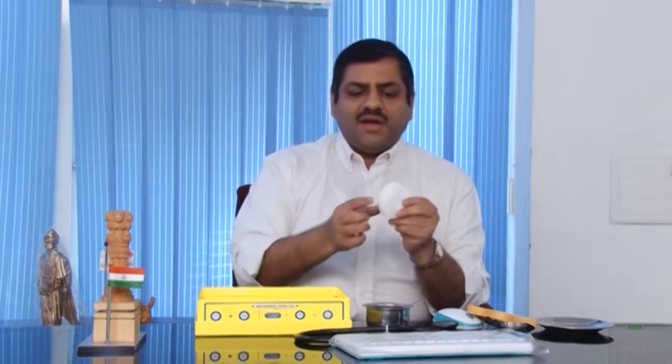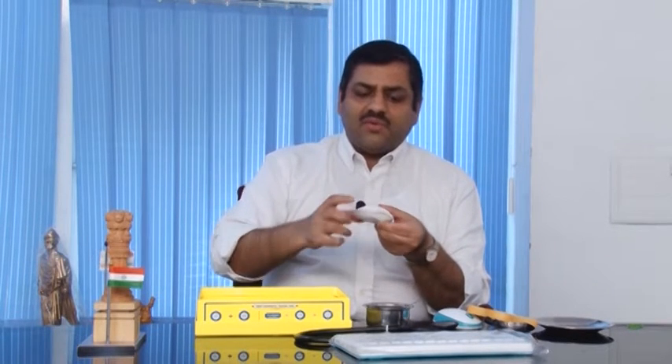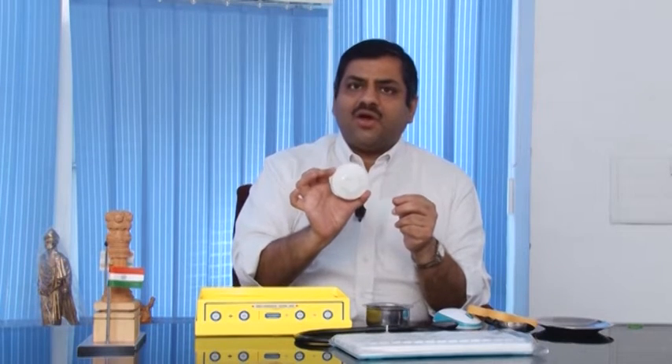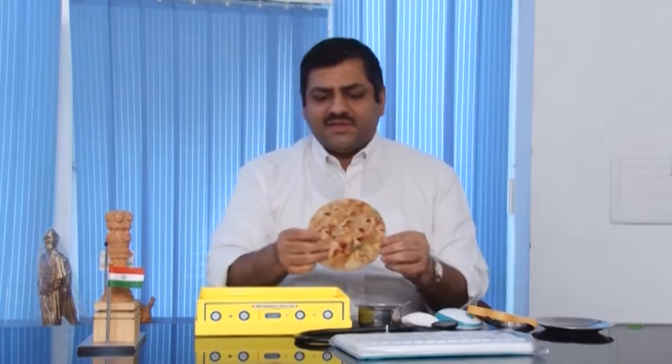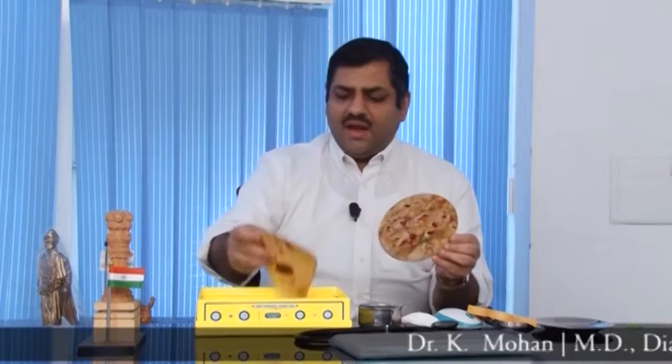It is a normal bread size. If you want a wheat idli, this is the size. Cooker idli, this is the size. This size is a normal idli. This will be a 5-inch chapati or roti, and this is the size.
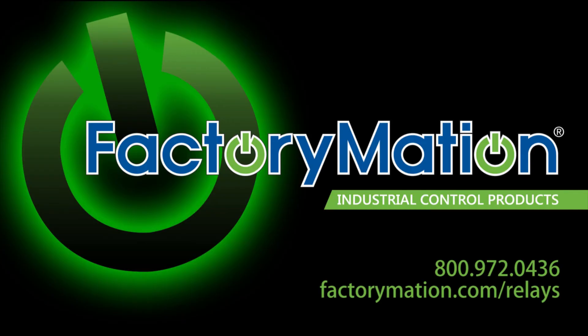To view a complete product listing of ElectroComponents solid state relays, please visit us at FactoryMation.com/relays.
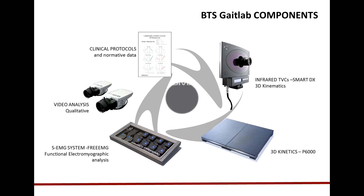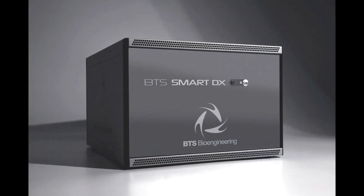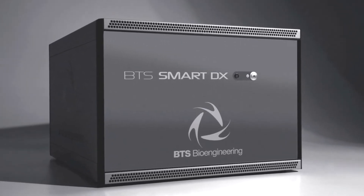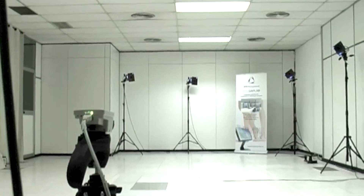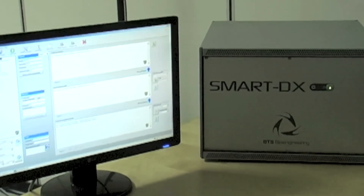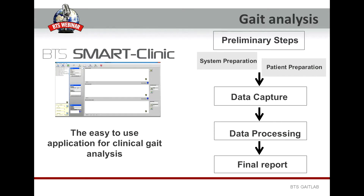The core of the system is the SmartDX box that, by digital integration, is able to manage at the same time all the kinematics, kinetics, electromyography, and video data originated by its connected systems. BTS GateLab includes SmartClinic, the user-friendly application designed for easily managing all the typical steps of the clinical gait analysis, starting from the system preparation, through the data capture, then the data processing, up to the clinical report preparation. Thanks to SmartClinic, all these steps can be easily performed also by non-technical staff.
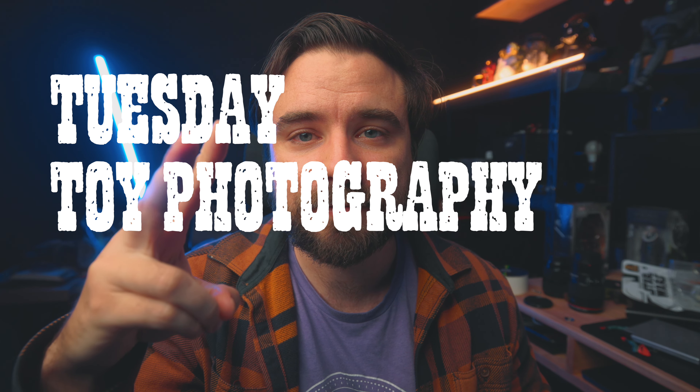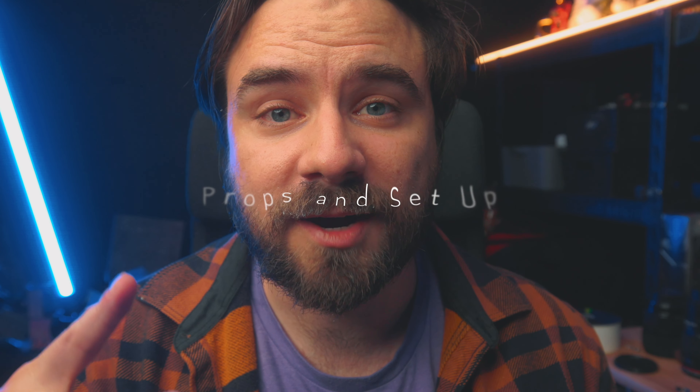Hey, this is a Tuesday toy photography tutorial. We are going to talk about props and setup. Sorry if I sound funnier than normal — I either have really bad allergies or a tiny cold of some sort. This will be a quick and easy tutorial and hopefully it can spark some ideas for your photos.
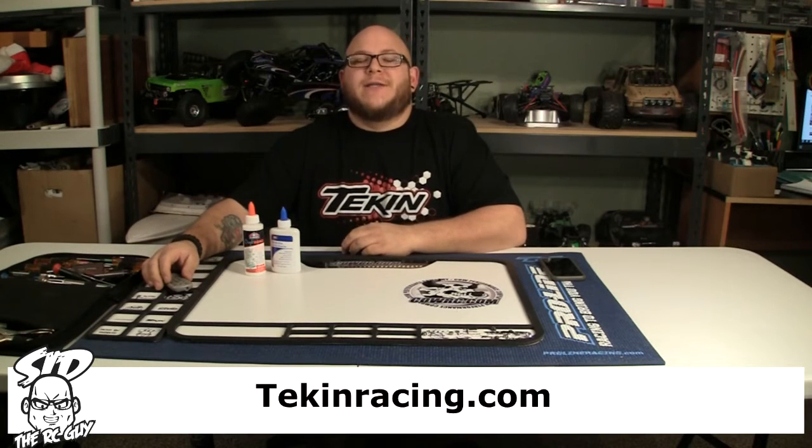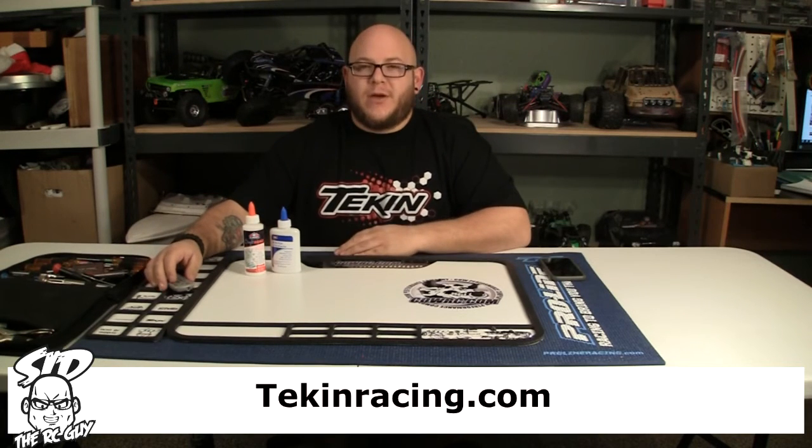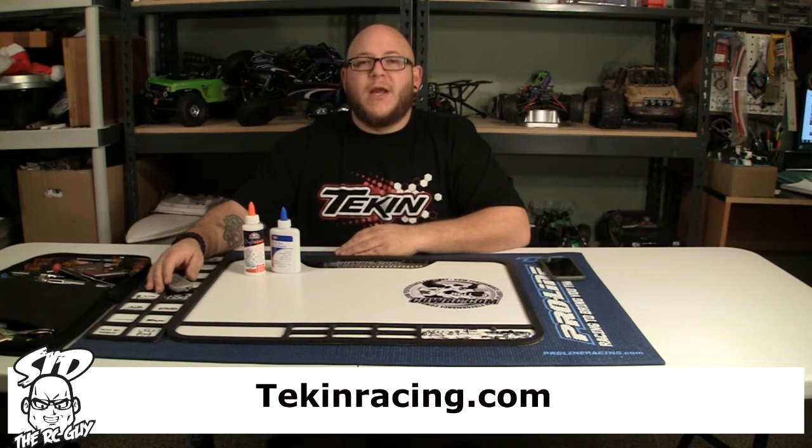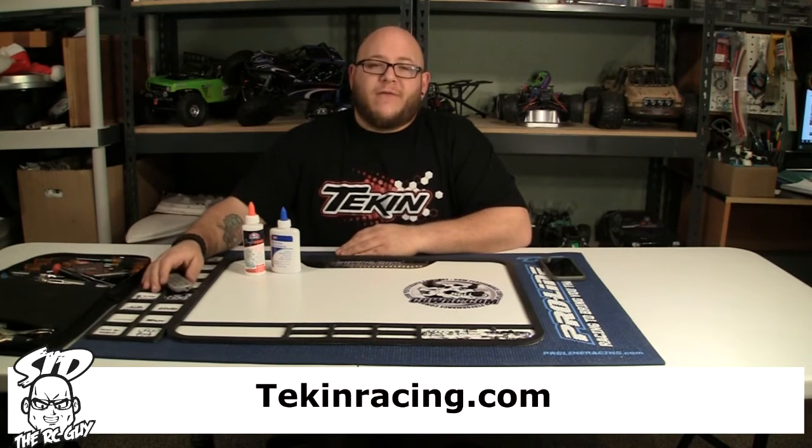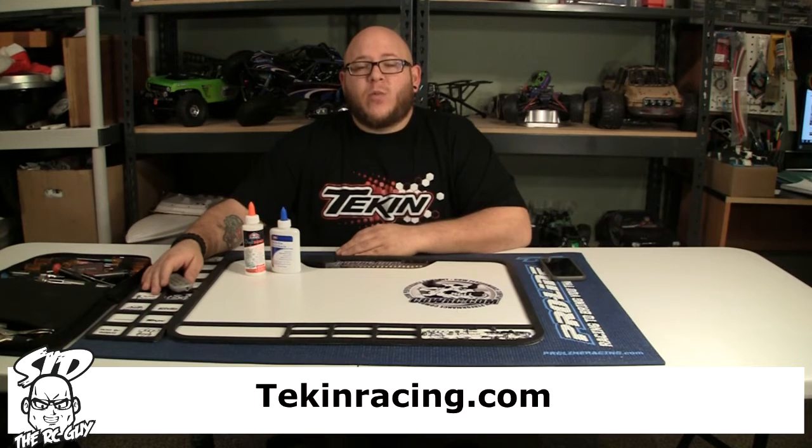What up fam, this is your boy Sid the RC guy here with another quick pit tip for you. Today's pit tip is brought to you by Teakin, some of the best electronics out there on the market. If you guys are looking to get a step above your competition, check their products out — they just came out with new Gen 3 motors and they are phenomenal. You can find them at teakinracing.com.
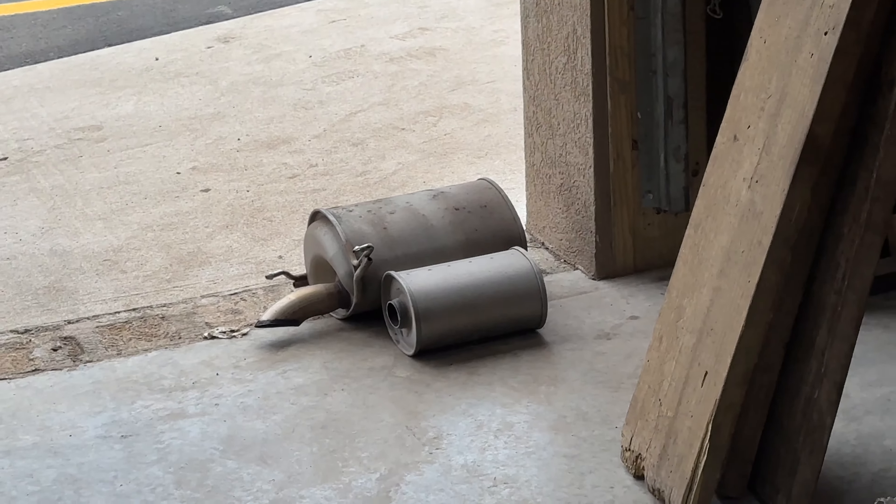So we're gonna do a resonator delete and we'll let you guys hear it. Look at the inside of these things — it's like a spaceship. Weird design, but it's cool, it's different.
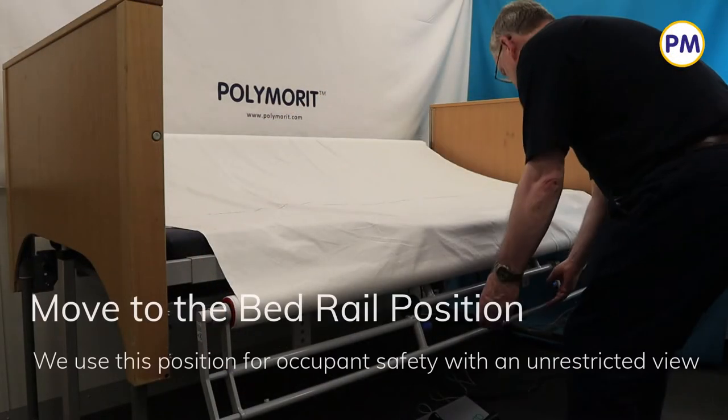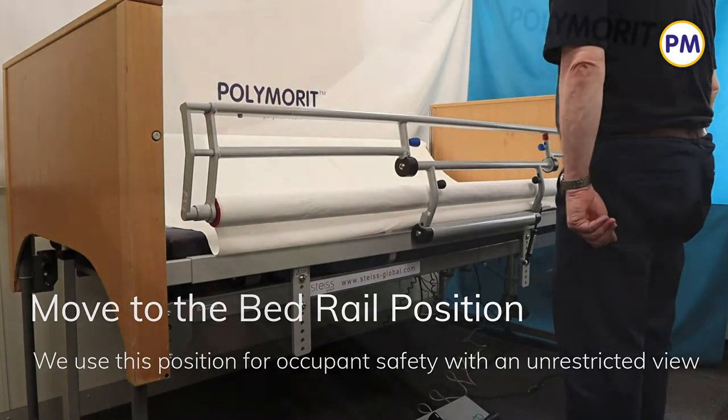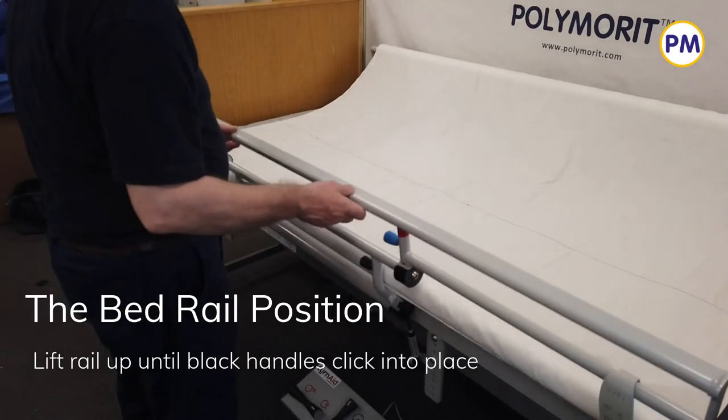We use the bed rail position for occupant safety, but with the roller at the bottom it allows an unrestricted view. Simply lift the rail back into position until the black handles click into place.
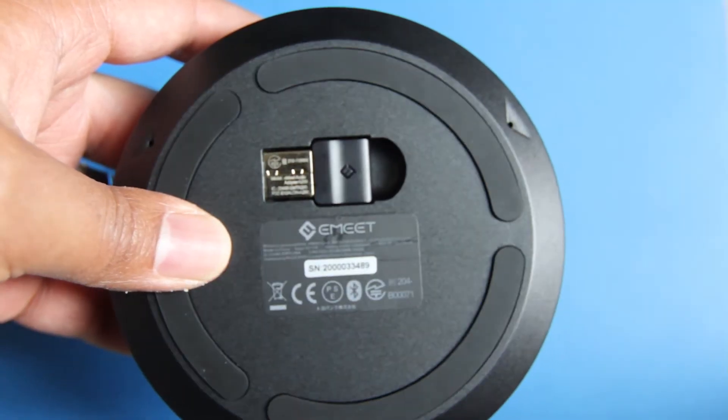On the bottom, you're going to find the USB dongle that I spoke about, which you can use on computers that don't have Bluetooth. This is going to allow you to connect to virtually any computer you want to. And along with that, if you don't want to use the Bluetooth, you can use the auxiliary port to connect or you can use the USB Type-C to connect. So there are many different ways you can connect this to your device and get clear calls.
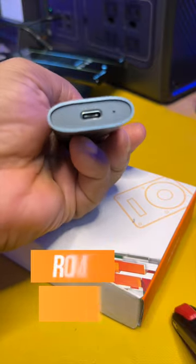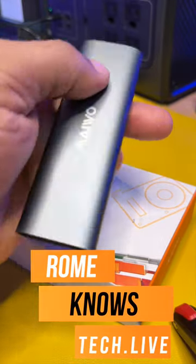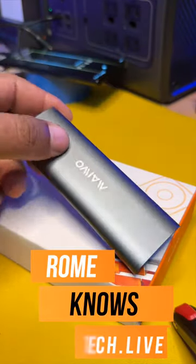Pops back in just like that, easy. USB-C, super fast depending on the SSD drive that you put inside of it. Really nice, compact, all-metal design. Check it out.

..............................

## Aim of the task
Transcribe each line above verbatim, with the pictures left out.

## Result of the task
It is a normal bread size. If you want a wheat idli, this is the size. Cooker idli, this is the size. This size is a normal idli. This will be a 5-inch chapati or roti, and this is the size.
To view a complete product listing of ElectroComponents solid state relays, please visit us at FactoryMation.com/relays.
The core of the system is the SmartDX box that, by digital integration, is able to manage at the same time all the kinematics, kinetics, electromyography, and video data originated by its connected systems. BTS GateLab includes SmartClinic, the user-friendly application designed for easily managing all the typical steps of the clinical gait analysis, starting from the system preparation, through the data capture, then the data processing, up to the clinical report preparation. Thanks to SmartClinic, all these steps can be easily performed also by non-technical staff.
Hey, this is a Tuesday toy photography tutorial. We are going to talk about props and setup. Sorry if I sound funnier than normal — I either have really bad allergies or a tiny cold of some sort. This will be a quick and easy tutorial and hopefully it can spark some ideas for your photos.
What up fam, this is your boy Sid the RC guy here with another quick pit tip for you. Today's pit tip is brought to you by Teakin, some of the best electronics out there on the market. If you guys are looking to get a step above your competition, check their products out — they just came out with new Gen 3 motors and they are phenomenal. You can find them at teakinracing.com.
So we're gonna do a resonator delete and we'll let you guys hear it. Look at the inside of these things — it's like a spaceship. Weird design, but it's cool, it's different.
We use the bed rail position for occupant safety, but with the roller at the bottom it allows an unrestricted view. Simply lift the rail back into position until the black handles click into place.
On the bottom, you're going to find the USB dongle that I spoke about, which you can use on computers that don't have Bluetooth. This is going to allow you to connect to virtually any computer you want to. And along with that, if you don't want to use the Bluetooth, you can use the auxiliary port to connect or you can use the USB Type-C to connect. So there are many different ways you can connect this to your device and get clear calls.
Pops back in just like that, easy. USB-C, super fast depending on the SSD drive that you put inside of it. Really nice, compact, all-metal design. Check it out.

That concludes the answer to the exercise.